■ **Your assignment**
Copy every record below exactly, leaving out any pictures.
————————
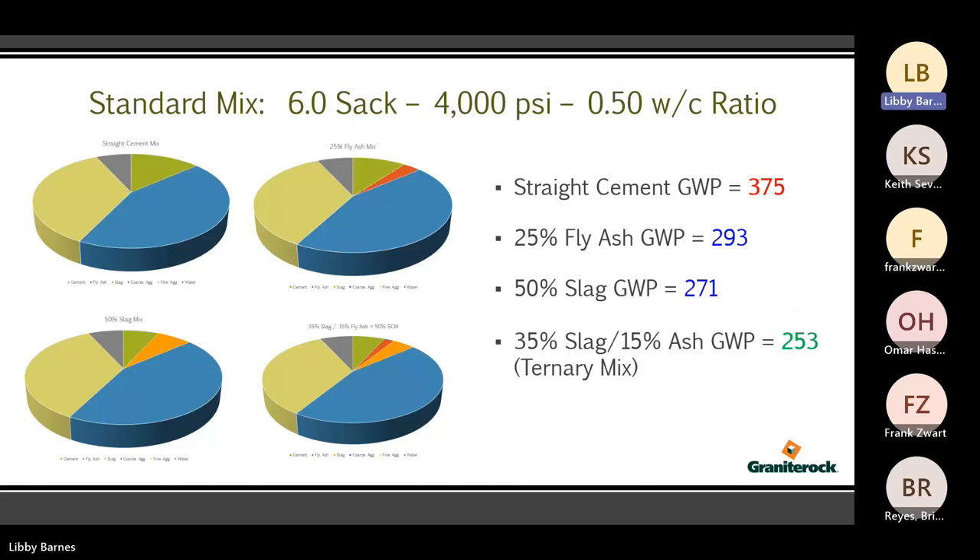Here's an example of a standard mix — a standard six-sack mix, which is typically 4,000 PSI at a 0.50 water-cement ratio. To the left you have a straight cement mix. To the right, a 25% fly ash replacement. Below that, a 50% slag mix. And then a ternary mix, which has both fly ash and slag — also 50% replacement, with 35% slag and 15% fly ash. GWP comparisons: the straight cement mix in red gives 375 GWP. Going to 25% fly ash lowers it to 293. The 50% slag mix pulls it down to 271. And the ternary mix is the best at 253. Despite having 50% replacement on the slag and ternary mixes, you get better GWP performance when providing fly ash as part of the blend.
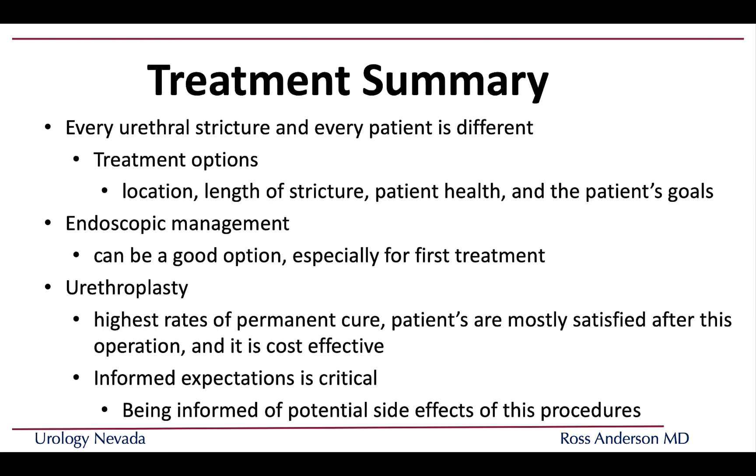In summary, every urethral stricture and every patient is different. Your options depend on stricture location, length, your overall health, and your goals. Endoscopic management can be a good option, especially for first-time stricture management or if you had a great response to DVIU in the past. But it has a much lower success rate than urethroplasty. If you want the highest chance of a permanent cure, you will need to do the surgery.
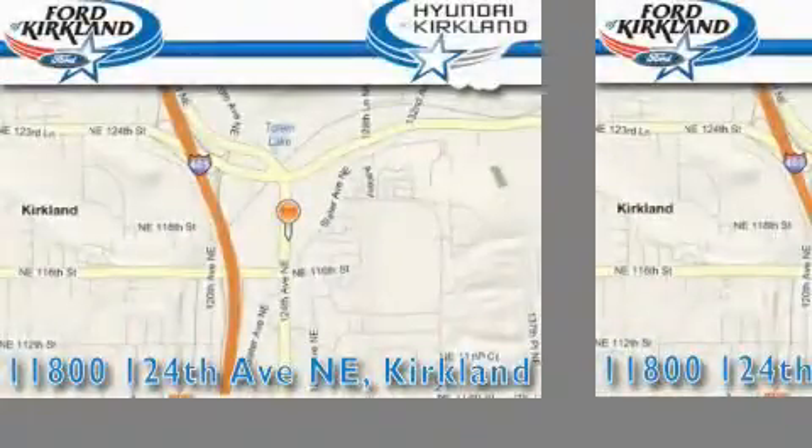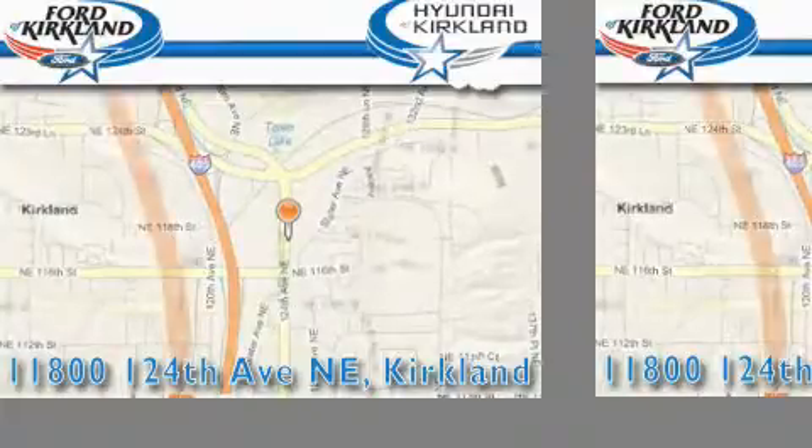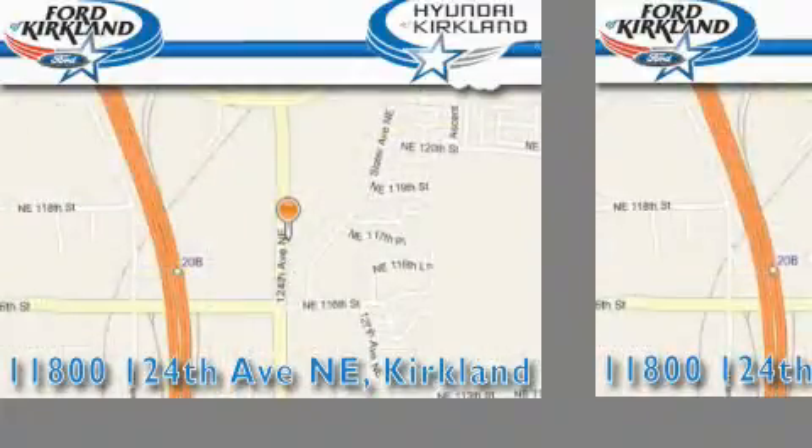Ford and Hyundai of Kirkland is located at 11800 124th Northeast in Kirkland. Our goal is to exceed all of your expectations to ensure that you'll return for future visits.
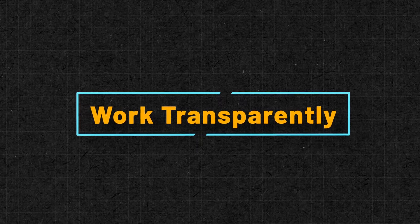Our third tip is to work transparently. We use Dryo in Confluence — the two go hand-in-hand for us; we couldn't have one without the other. We want the power of visualization to show our teammates and stakeholders important information in an accessible way, but always within a documented context.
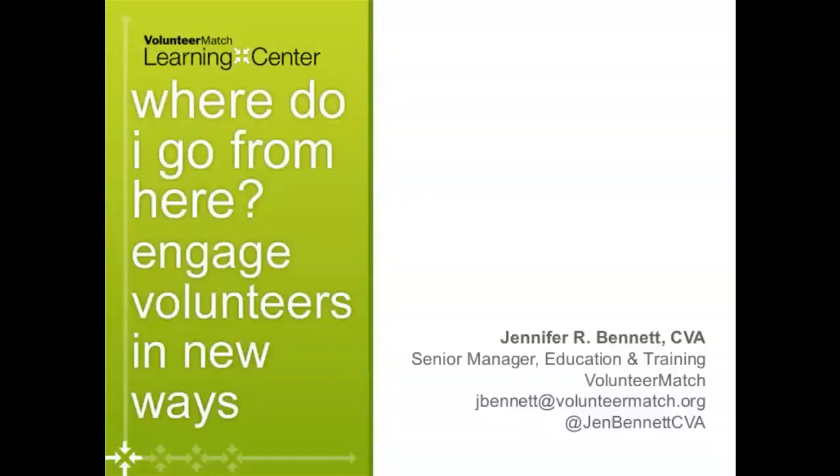Welcome everyone. We're so glad you've joined us today. We are with Jennifer Bennett from VolunteerMatch and she is going to help us present information to you about engaging volunteers in new ways. The Arizona State Library is excited to share this information with you, and at the end we'll give you a little bit more information about other resources that might be of service to you.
————————
■ **Task response**
Here's an example of a standard mix — a standard six-sack mix, which is typically 4,000 PSI at a 0.50 water-cement ratio. To the left you have a straight cement mix. To the right, a 25% fly ash replacement. Below that, a 50% slag mix. And then a ternary mix, which has both fly ash and slag — also 50% replacement, with 35% slag and 15% fly ash. GWP comparisons: the straight cement mix in red gives 375 GWP. Going to 25% fly ash lowers it to 293. The 50% slag mix pulls it down to 271. And the ternary mix is the best at 253. Despite having 50% replacement on the slag and ternary mixes, you get better GWP performance when providing fly ash as part of the blend.
In summary, every urethral stricture and every patient is different. Your options depend on stricture location, length, your overall health, and your goals. Endoscopic management can be a good option, especially for first-time stricture management or if you had a great response to DVIU in the past. But it has a much lower success rate than urethroplasty. If you want the highest chance of a permanent cure, you will need to do the surgery.
Ford and Hyundai of Kirkland is located at 11800 124th Northeast in Kirkland. Our goal is to exceed all of your expectations to ensure that you'll return for future visits.
Our third tip is to work transparently. We use Dryo in Confluence — the two go hand-in-hand for us; we couldn't have one without the other. We want the power of visualization to show our teammates and stakeholders important information in an accessible way, but always within a documented context.
Welcome everyone. We're so glad you've joined us today. We are with Jennifer Bennett from VolunteerMatch and she is going to help us present information to you about engaging volunteers in new ways. The Arizona State Library is excited to share this information with you, and at the end we'll give you a little bit more information about other resources that might be of service to you.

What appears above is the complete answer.